Your task is to transcribe each record exactly and to omit every image.

--------

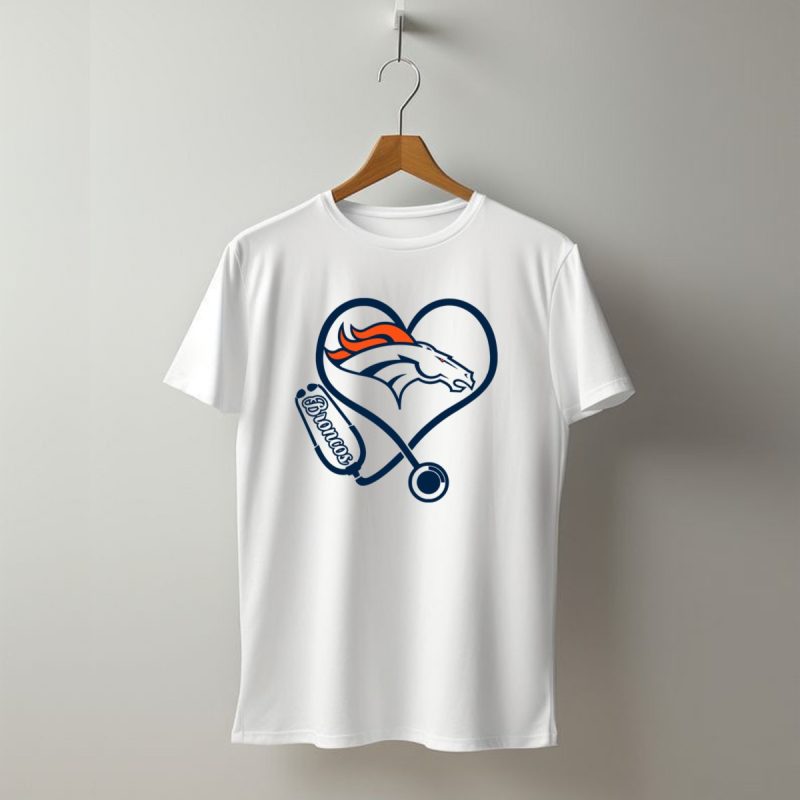 Denver Broncos Nurse Heart Stethoscope T Shirt 1 T Shirt 1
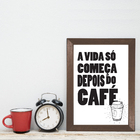 Quadro Cozinha Frase Depois do Café com Moldura Marrom 22x32cm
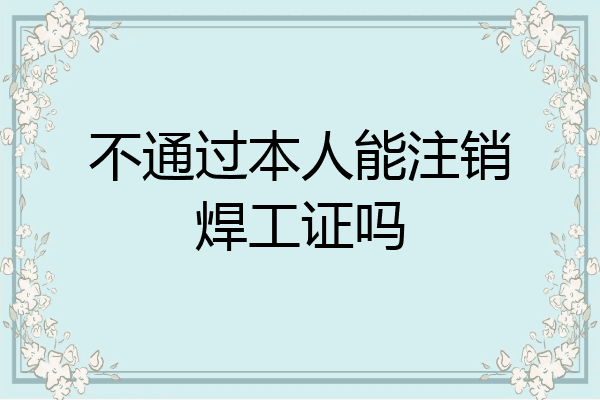 不通过本人能注销焊工证吗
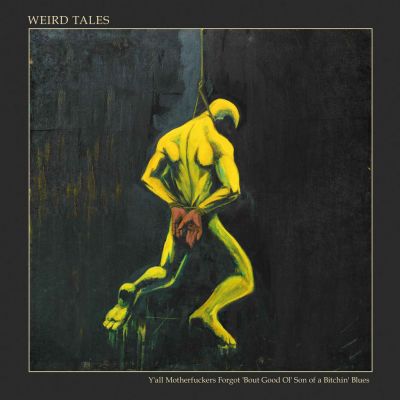 Weird Tales - Y'all Motherfuckers Forgot 'Bout Good Ol' Son of a Bitchin' Blues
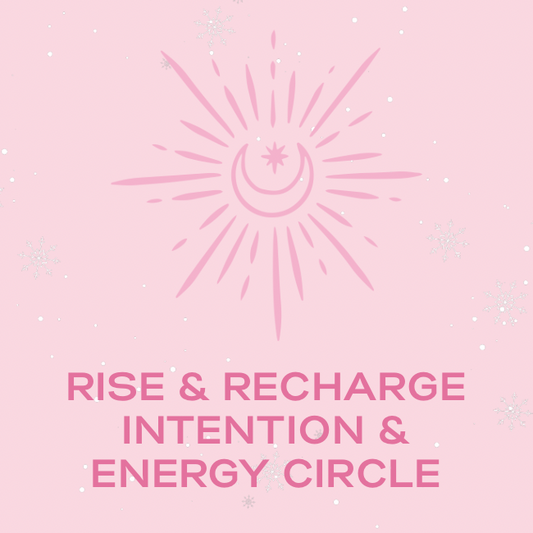 Rise & Recharge: Intention & Energy Circle - 12th December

--------

* [Exercise solution]:
 Denver Broncos Nurse Heart Stethoscope T Shirt 1 T Shirt 1
 Quadro Cozinha Frase Depois do Café com Moldura Marrom 22x32cm
 不通过本人能注销焊工证吗
 Weird Tales - Y'all Motherfuckers Forgot 'Bout Good Ol' Son of a Bitchin' Blues
 Rise & Recharge: Intention & Energy Circle - 12th December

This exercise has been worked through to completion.